A story of a boy from Ampara a reflection of the state of our ‘Rural Youth’ Part 4

a continuation from the previous blog entry

As if that was not enough, I think these growing boys need to eat more than three meals a day, constantly angling to eat. My problem was that I am not completely set up for a cooking experience! And still have to get the gas cooker oven serviced. As I eat seldom or eat out, it does not bother me, but buying three meals in Colombo 7 is not an easy task and inevitably the amount given to him for food, exceeded his monthly wage. I had budgeted on it being equal to his monthly wage but not a lot more! Over and above what was being consumed from the tea and biscuits type which are bought it separately and are not part of the budget.

I was always a little concerned about him walking the streets of Colombo 7 at night in order for him to pick up a dinner or go to a supermarket to pick up some milk. Gregory’s Road may be today arguably the best designed street anywhere. One side is for pedestrians as it is part of the Defense Secretary’s daily evening walk, and the other side is for parking vehicles cross ways in demarcated parking bays. There are about 20 uniformed policemen on duty 24 hours a day due to either the Embassies or the Ambassadors residences being on this road. In addition there are about 40 people who are 24 hour security personnel guarding the entrances of pricey homes or by-lanes. He could be liable to be picked if he was not dressed in suitable attire. His choice of attire is not to my liking so each time he went out, an alarm bell rang about his the likelihood of being stopped and questioned sans ID.

The final crunch came when he refused to go to the farm to help his nephew with washing the dogs. He was just being spoilt, never having to do anything in his life, part of Sri Lanka’s youngest son syndrome, where they are really good for nothing and can do nothing but yap and complain and talk back when corrected.

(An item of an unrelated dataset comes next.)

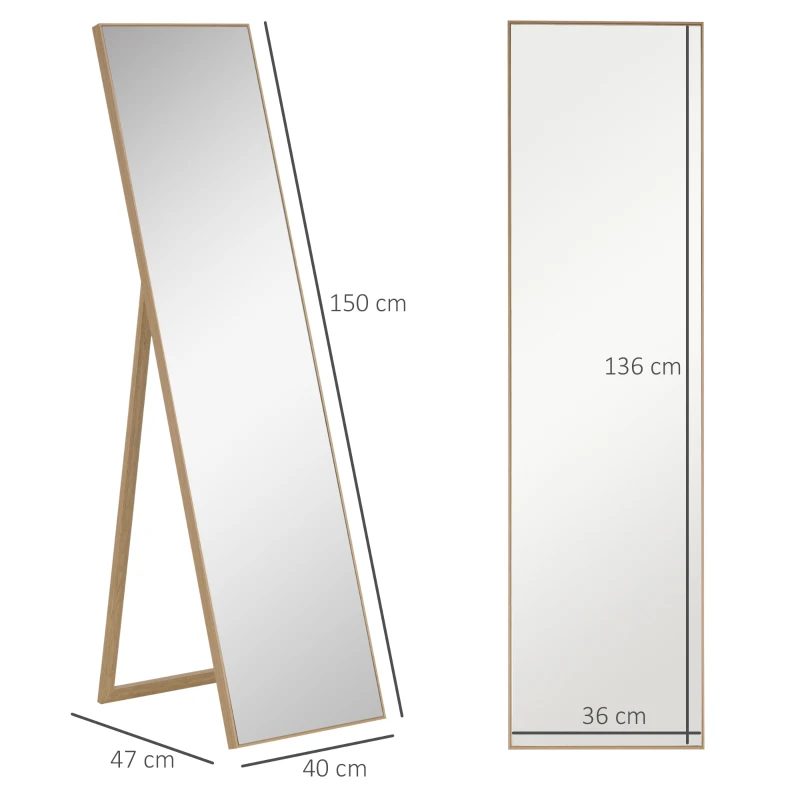 HOMCOM Miroir rectangulaire sur pied miroir de sol pour vestiaire salon salle de bain couloir 40 x 35 x 147 cm naturel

What sets him apart from the numerous people I see who are looking for jobs, with qualifications and degrees, who in their 30s are still looking for their first job is the confidence he has in dealing with people, and total lack of respect for anyone. When you get someone who has rarely been corrected in their lives, and possibly not been controlled by anyone even their school teachers, authority is something alien to them. I while realizing this, thought the army would have taught him some respect for the elders.

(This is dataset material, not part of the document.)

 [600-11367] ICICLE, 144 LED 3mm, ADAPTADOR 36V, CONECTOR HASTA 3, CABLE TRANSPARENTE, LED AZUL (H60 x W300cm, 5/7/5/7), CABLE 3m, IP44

He realizing that he could not take any more correction, decided to go back home on his own wish, and fortunately did not drag his nephew along with him, who is on the farm exclusively taking care of my dogs, as I am not in a position at the moment to spend time with them except one day a week when I play with them.

Ironically there was no ill will between us. It was simply that he could not obey!

Concluded (I intend visiting him one day in his surroundings to get an idea of his environs)


Jack Point said...

I have a feeling it is the military that may have given him the arrogance when dealing with civilians.

In the Lanka of today the military can do no wrong, so this may be what you see.

Anonymous said...


I was afraid for your safety with this crazy character around.

Rajaratarala said...


If you think this guy is crazy then half the people I come across are crazy. He was harmless compared to the really scary characters I have had to deal with in Raja Ela. Maybe I have been de sensitized!


You have a point, (no pun intended)but I don't think he was in the army long enough for that. I am convinced it is the home environment as I had already noted, as I find many with similar ideas, with no connection to the forces. For some reason today's youth are brought up with few rules and responsibilities.